State Attorney Criticized After Spence-Jones Charges Dropped
MIAMI (CBS4) – The attorney for Michelle Spence-Jones says she never should have been prosecuted for grand theft and the Miami-Dade Police union is raising additional concerns about the State Attorney’s office.
“This is a horrible 18 months for her after being falsely accused of this crime,” said Spence-Jones’s attorney Peter Raben after the 2nd degree grand-theft charges were dropped.
Miami-Dade State Attorney Katherine Fernandez Rundle said in a statement she still believes a crime was committed when $50,000 in grants that were public funds were diverted. But she said she no longer had the evidence for a conviction.
But Raben took issue with that.
“Both witnesses came forward in both cases and said they were lied to and tricked by the Prosecutor and that’s why the case ended.” said Raben. “The state thought my client committed a crime but they couldn’t prove it because there wasn’t any evidence of a crime.”

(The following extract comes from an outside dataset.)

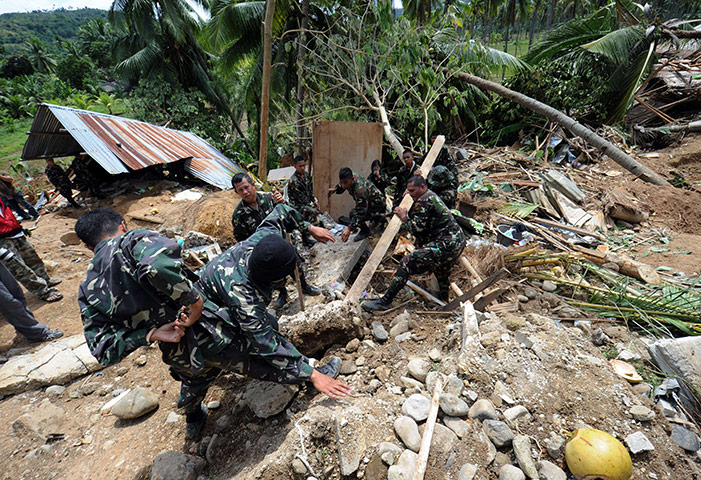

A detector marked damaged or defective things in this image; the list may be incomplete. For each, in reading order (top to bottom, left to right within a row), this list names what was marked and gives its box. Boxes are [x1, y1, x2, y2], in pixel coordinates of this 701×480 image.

“When you have a witness who takes the stand and changes her story, it’s not surprising that the jury would find her not guily,” said Daniel Lurvey, who is now a defense attorney and who was a Prosecutor for 12 years, working with both Rundle and former State Attorney Janet Reno.
“I think Kathy Rundle is doing an incredible job in difficult circumstances,” he told CBS4’s Peter D’Oench. He said she was “really betweena rock and a hard place” because no matter what decision she makes, there is bound to be criticism from the other side.
“Sometimes you feel strongly that someone committed a crime but you don’t have the evidence to support that in court,” said Lurvey.
But the President of the Miami-Dade Police Benevolent Association had some criticism.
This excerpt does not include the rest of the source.